Afternoon tea in Ankara will consist of a series of talks and workshops that will run biannually, with the first taking place on Feb. 27 during London Fashion Weekend. Vanessa Kingori, British GQ’s publisher and Onyemi Akinrele, head of Lagos Fashion and Design, will host talks during the event, held at the Café Royal Hotel. Participants will be selected by an online video application.
— Natalie Theodosi
Afternoon Tea in Ankara
Café Royal Hotel
68 Regent Street, W1B 4DY
SHOE SHOPPING: London’s footwear designers have been busy setting up shop. Bionda Castana founders Natalia Barbieri and Jennifer Portman unveiled a 264-square-foot London boutique, the label’s first stand-alone store. The space stands in the city’s tony Pimlico neighborhood, and is near Philip Treacy and Jenny Packham. The designers have decked out the store with dusky pink walls and carpets and sleek gold fittings, and the shop offers Bionda Castana’s ready-to-wear designs and custom service, whereby customers can order designs in different fabrics and colors. “This feels like a really good beginning,” said Barbieri of this first store, adding that she and Portman believe that the shop will encourage their customers to take a more experimental approach to shoe shopping. “Once you see [a Bionda Castana shoe] on you…if you would not normally think you’re a flat-shoe girl, you put it on and actually, you think ‘this suits me really nicely,’” said Barbieri. Bionda Castana counts Alexa Chung, Keira Knightley and Taylor Swift among its customers, which offer the same styles in a number of heel heights, from flats to stilettos. The store comes ahead of the duo’s collaboration with L.K. Bennett, which bows this month.
Meanwhile, in the fall Lucy Choi — the niece of Jimmy Choo — opened her footwear label’s first boutique in west London’s Connaught Village. And coincidentally, it’s in the space where her famous uncle’s first store stood. The 1,000-square-foot space is decorated with dark wood floors, plasterwork fixtures and glamorous chandeliers.
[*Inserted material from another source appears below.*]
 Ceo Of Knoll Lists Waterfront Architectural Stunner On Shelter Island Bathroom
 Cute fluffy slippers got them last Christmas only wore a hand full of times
Choi describes her label as offering “affordable luxury,” with her styles starting at 185 pounds, or $254, and rising to 315 pounds, or $432. Since launching her label in 2012, Choi has built a reputation for her sleek designs in simple shapes, such as pointed-toe flats and glittery, high-heeled court shoes.
— Nina Jones
73 Elizabeth Street, SW1
18 Connaught Street, W2
INTEREST PIQUED: Helmed by former Plateau and Galvin Bistrot de Luxe chef Allan Pickett, Piquet is a two-story restaurant housed in a former underground parking lot just off Oxford Street. Serving a fusion of French and English fare, the restaurant locally sources its produce. Menu highlights include the Make-Your-Own Market Menu where diners get to hand-pick their own selections from the best daily offerings available. These include duck rillette, homemade pickles and sourdough.
Designed by Quentin Reynolds and the team at Reyco, Piquet features painted decorative gesso panels, vintage British chairs as well as classic French pewter comptoir tabletops that are complemented with heritage pieces of French and English tableware. The walls are adorned with specially commissioned artwork by East London artist Daemon Priestly.